Western Arkansas League
- Classification: Class D (1924)
- Sport: Minor League Baseball
- First season: 1924
- Folded: 1924
- President: E.H. Nichols (1924)
- No. of teams: 6
- Country: United States of America
- Most titles: 1 Russellville Miners (1924)
- Related competitions: Arkansas State League

= Western Arkansas League =

The Western Arkansas League was a short–lived minor league baseball league that played in the 1924 season. The six–team Class D level league consisted of franchises based exclusively in Arkansas. The league permanently folded after one season of minor league play, with the Russellville Miners winning the league championship.
==History==
The Western Arkansas League played in the 1924 season as a Class D level league, with E.H. Nichols serving as league president. Teams from Atkins, Arkansas (Atkins Boys), Clarksville, Arkansas (Clarksville Reds), Dardanelle, Arkansas (Dardanelle White Sox), Ozark, Arkansas (Ozark Bears), Paris, Arkansas (Paris Blues) and Russellville, Arkansas (Russellville Miners) were the charter members. The league began play on May 5, 1924.

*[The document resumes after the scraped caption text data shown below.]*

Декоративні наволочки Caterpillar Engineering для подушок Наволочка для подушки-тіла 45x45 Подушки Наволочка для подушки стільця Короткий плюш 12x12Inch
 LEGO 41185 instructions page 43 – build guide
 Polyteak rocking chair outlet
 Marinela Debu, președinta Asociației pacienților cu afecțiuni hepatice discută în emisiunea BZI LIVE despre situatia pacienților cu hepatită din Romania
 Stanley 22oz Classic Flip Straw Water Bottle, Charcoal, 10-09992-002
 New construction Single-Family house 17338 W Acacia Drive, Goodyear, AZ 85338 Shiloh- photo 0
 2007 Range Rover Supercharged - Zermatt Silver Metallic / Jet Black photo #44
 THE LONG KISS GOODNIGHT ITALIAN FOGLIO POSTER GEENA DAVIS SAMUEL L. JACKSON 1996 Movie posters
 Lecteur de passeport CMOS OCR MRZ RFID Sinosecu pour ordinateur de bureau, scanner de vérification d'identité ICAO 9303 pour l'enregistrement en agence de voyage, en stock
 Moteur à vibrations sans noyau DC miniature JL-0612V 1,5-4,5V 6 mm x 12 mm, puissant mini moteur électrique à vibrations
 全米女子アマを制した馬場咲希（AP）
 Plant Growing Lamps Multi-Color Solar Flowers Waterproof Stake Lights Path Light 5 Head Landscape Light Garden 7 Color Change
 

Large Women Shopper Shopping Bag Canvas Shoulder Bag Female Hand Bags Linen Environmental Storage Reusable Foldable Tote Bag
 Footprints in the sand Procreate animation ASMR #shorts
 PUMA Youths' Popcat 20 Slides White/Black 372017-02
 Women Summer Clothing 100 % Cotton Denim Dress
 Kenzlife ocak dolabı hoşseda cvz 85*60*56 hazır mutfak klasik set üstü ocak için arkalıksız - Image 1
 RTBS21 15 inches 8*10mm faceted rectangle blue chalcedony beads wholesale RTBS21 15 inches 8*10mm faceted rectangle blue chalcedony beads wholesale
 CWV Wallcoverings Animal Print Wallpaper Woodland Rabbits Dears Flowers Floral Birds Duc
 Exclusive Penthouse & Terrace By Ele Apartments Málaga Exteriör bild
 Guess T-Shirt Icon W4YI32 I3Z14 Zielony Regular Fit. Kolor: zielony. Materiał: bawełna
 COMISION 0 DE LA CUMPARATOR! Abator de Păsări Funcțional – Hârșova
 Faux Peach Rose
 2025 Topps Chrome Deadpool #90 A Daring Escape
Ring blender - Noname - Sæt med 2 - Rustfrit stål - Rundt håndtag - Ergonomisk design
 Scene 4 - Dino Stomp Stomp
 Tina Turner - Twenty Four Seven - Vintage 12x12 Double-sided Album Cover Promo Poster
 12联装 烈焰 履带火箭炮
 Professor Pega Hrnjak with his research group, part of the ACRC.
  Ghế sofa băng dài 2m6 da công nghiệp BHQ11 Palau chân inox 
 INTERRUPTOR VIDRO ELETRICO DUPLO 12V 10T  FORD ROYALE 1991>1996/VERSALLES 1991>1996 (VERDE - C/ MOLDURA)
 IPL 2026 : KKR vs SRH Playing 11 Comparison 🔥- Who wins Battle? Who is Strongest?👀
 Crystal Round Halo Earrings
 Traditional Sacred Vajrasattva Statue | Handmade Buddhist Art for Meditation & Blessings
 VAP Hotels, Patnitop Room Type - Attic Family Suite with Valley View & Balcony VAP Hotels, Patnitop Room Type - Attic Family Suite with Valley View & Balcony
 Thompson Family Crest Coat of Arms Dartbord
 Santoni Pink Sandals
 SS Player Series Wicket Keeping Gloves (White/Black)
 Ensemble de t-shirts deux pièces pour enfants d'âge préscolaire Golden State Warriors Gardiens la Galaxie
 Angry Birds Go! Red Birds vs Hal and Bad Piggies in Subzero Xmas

The league was formed at a time when only two cities in Arkansas (Little Rock and Fort Smith) hosted minor league teams. Ozark was the final team to commit to playing in the six–team Western Arkansas League. The league was scheduled to play 60 games in a split–season format, with the winner of each split–season meeting in the finals to decide the champion. League president E.H. Nichols published a letter in the newspaper of each host city, asking for good sportsmanship.

The Western Arkansas League applied to the National Association for Class D level status. The request was initially denied, with the National Association stating the league cities were too small. Team rosters were set at 12 players, including the managers, with payroll capped at $1,000. The league eventually played at the Class D level. The Arkansas College Athletic Association allowed their college players to play for league teams and remain eligible to play for their college teams.

The league began play on May 5, 1924, and completed the split–season schedule. On August 3, 1924, Walter Jacoway pitched a perfect game for Dardanelle against Atkins.

The Dardanelle White Sox won the first–half title, winning a playoff against the Russellville Miners after a tie. Russellville won the second–half title. An August 12, 1924, Atkins' win over Russellville was reversed due to an ineligible player, giving the second–half title to Russellville. Originally, Russellville, Atkins and Clarksville had ended in a three–way tie for first place. In the Finals, Russellville swept Dardanelle 3 games to 0 to win the championship.

The Western Arkansas did not return to play in 1925 and never reformed.

==League teams==

| Team name | City represented | Ballpark | Year(s) active |
|---|---|---|---|
| Atkins Boys | Atkins, Arkansas | McLaren Park | 1926 |
| Clarksville Reds | Clarksville, Arkansas | Clarksville City Ballpark | 1926 |
| Dardanelle White Sox | Dardanelle, Arkansas | Johnston Park | 1926 |
| Ozark Bears | Ozark, Arkansas | Unknown | 1926 |
| Paris Blues | Paris, Arkansas | Unknown | 1926 |
| Russellville Miners | Russellville, Arkansas | Aggie Park | 1926 |

==League standings ==
First–half standings

| Team standings | W | L | PCT | GB | Managers |
|---|---|---|---|---|---|
| Dardanelle White Sox | 17 | 13 | .552 | – | Buddy Hodges / Lee Stebbins / Fred Austerman |
| Russellville Miners | 17 | 13 | .552 | – | Ed Cowan / Jimmy Johnson Red Day |
| Paris Blues | 15 | 15 | .517 | 1 | Rudy Kling |
| Atkins Boys | 15 | 15 | .483 | 2 | Wilson Daniel |
| Clarksville Reds | 14 | 16 | .440 | 3 | Red Basham |
| Ozark Bears | 13 | 17 | .440 | 3 | Red Day |

Second–half standings

| Team standings | W | L | PCT | GB |
|---|---|---|---|---|
| Russellville Miners | 19 | 11 | .633 | – |
| Clarksville Reds | 18 | 12 | .600 | 1 |
| Atkins Boys | 17 | 13 | .566 | 2 |
| Paris Blues | 13 | 17 | .444 | 6 |
| Dardanelle White Sox | 12 | 18 | .400 | 7 |
| Ozark Bears | 11 | 19 | .367 | 8 |

Playoff: Dardanelle 3 games Russellville 0 - For first half title.

Finals: Russellville 3 games, Dardanelle 0.